Déjà, en 2017, le centre d’ingénierie indonésien en Corée du Sud avait dû être fermé, alors que les arriérés de paiement vis-à-vis de Séoul concernant ce programme, dépassaient déjà les 400 m$.
En septembre 2022, à l’occasion de la présentation officielle du Boramae à laquelle participait le ministre de La Défense Prabowo Subianto, ce dernier assura que son pays demeurait engagé dans le programme, et que le centre de développement de Daejeon serait rouvert prochainement, avec le retour de plusieurs dizaines d’ingénieurs indonésiens en Corée du Sud.
À ce moment-là, le reste à payer indonésien dépassait 550 m$. Toutefois, en dépit des annonces officielles du ministre, il semble, à en juger par les nouvelles tensions rendues publiques entre les deux à pays à ce sujet, que Jakarta n’a toujours pas repris les paiements pour justifier de sa participation à ce programme, provoquant l’inquiétude de Séoul, et la recherche de nouveaux partenaires.
Il y a quelques mois, l’hypothèse d’une participation des Émirats arabes unis avait fuité dans la presse spécialisée sud-coréenne, mais fut rapidement démentie par Abu Dhabi.

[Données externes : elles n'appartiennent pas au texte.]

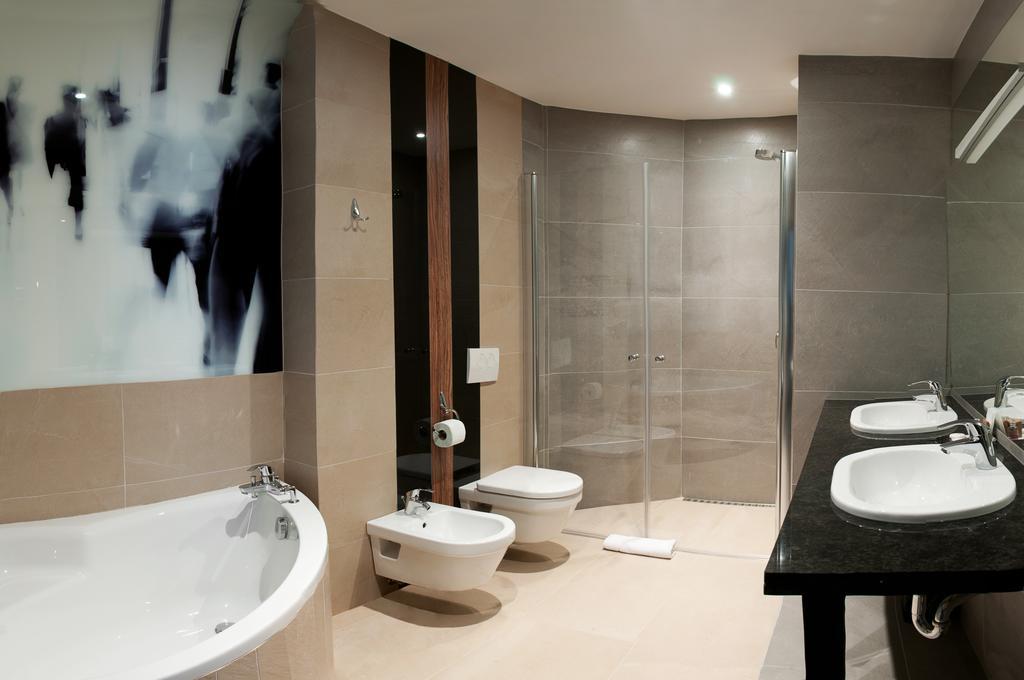Hotel Piano Lublin Phòng bức ảnh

Et si, officiellement, l’Indonésie demeure toujours engagée dans le programme KFX, rien n’indique, à ce jour, que la posture de Jakarta concernant les paiements à son sujet, ait évolué.
Le Rafale, priorité majeure pour les forces aériennes indonésiennes
Bien évidemment, le contraste entre l’exécution du programme Rafale, particulièrement bien exécuté par les autorités indonésiennes, et la manière dont elles trainent les pieds autour du KF-21, interroge, d’autant plus que l’Indonésie avait déjà codéveloppé l’avion d’entrainement et d’attaque T-50 Golden Eagle, avec la Corée du Sud.

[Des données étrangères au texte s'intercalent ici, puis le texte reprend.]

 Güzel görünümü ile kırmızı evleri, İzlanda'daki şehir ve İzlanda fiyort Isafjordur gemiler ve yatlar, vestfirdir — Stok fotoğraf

Jakarta avait déjà codéveloppé avec Séoul le T-50 Golden Eagle.
Surtout, d’un point de vue industriel et technologique, le programme KFX semblait bien plus prometteur, pour Jakarta, que l’acquisition de Rafale français, même si le contrat français intègre des volets dans ce domaine. La question du calendrier ne peut pas davantage être avancée, le Boramae devant entrer en service d’ici à 2026, soit avec un écart faible avec les livraisons prévues du chasseur de Dassault aux forces aériennes indonésiennes.
De manière évidente, on constate que l’acquisition de Rafale est jugée comme prioritaire par Jakarta et les forces aériennes indonésiennes. Face au KF-21, évidemment, mais aussi face au F-15EX américain, qui n’a, lui non plus, toujours pas été commandé, et même vis-à-vis de l’acquisition des Mirage 2000-5 qatari, comme solution d’attente, dont l’exécution a été reportée il y a quelques jours, pour des raisons budgétaires.

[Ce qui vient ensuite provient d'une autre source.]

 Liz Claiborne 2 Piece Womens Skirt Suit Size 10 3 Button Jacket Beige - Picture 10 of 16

Il faut dire que par son autonomie, son allonge et ses capacités d’emport, le Rafale répond très bien aux besoins spécifiques des forces aériennes du pays, qui doivent assurer des missions de défense sur un périmètre particulièrement étendue, alors que les F-16, Su-30 et T-50 actuellement en service, peinent à efficacement protéger les 17 000 iles réparties sur les 2 millions de km² du pays.
Un contrat qui renforce, par contraste, l’attrait du Rafale sur la scène internationale
De fait, si le choix du chasseur français par Jakarta avait déjà représenté un message d’excellence au sujet du Rafale, l’exécution exemplaire du contrat par les autorités indonésiennes positionne, par contraste, le chasseur français sensiblement au-dessus de ses concurrents, en particulier du Boramae sud-coréen pourtant très prometteur, du F-15EX toujours dans l’attente de son premier contrat à l’exportation, et même du F-16, pourtant en service au sein des forces aériennes du pays, mais ignoré des expressions de besoin de son état-major.
Les F-16 indonésiens manquent d’allonge pour assurer efficacement la défense aérienne des 2 m km² de l’espace aérien du pays.
On ne peut qu’espérer, dorénavant, que l’apurement du dossier Rafale, comme son exécution minutieuse par Jakarta, permettront d’accélérer d’autres dossiers tout aussi stratégiques, plus particulièrement le très ambitieux programme d’acquisition de six sous-marins conventionnels pour la Marine indonésiennes, à propos duquel le Scorpene Evolved de Naval group est régulièrement pressenti.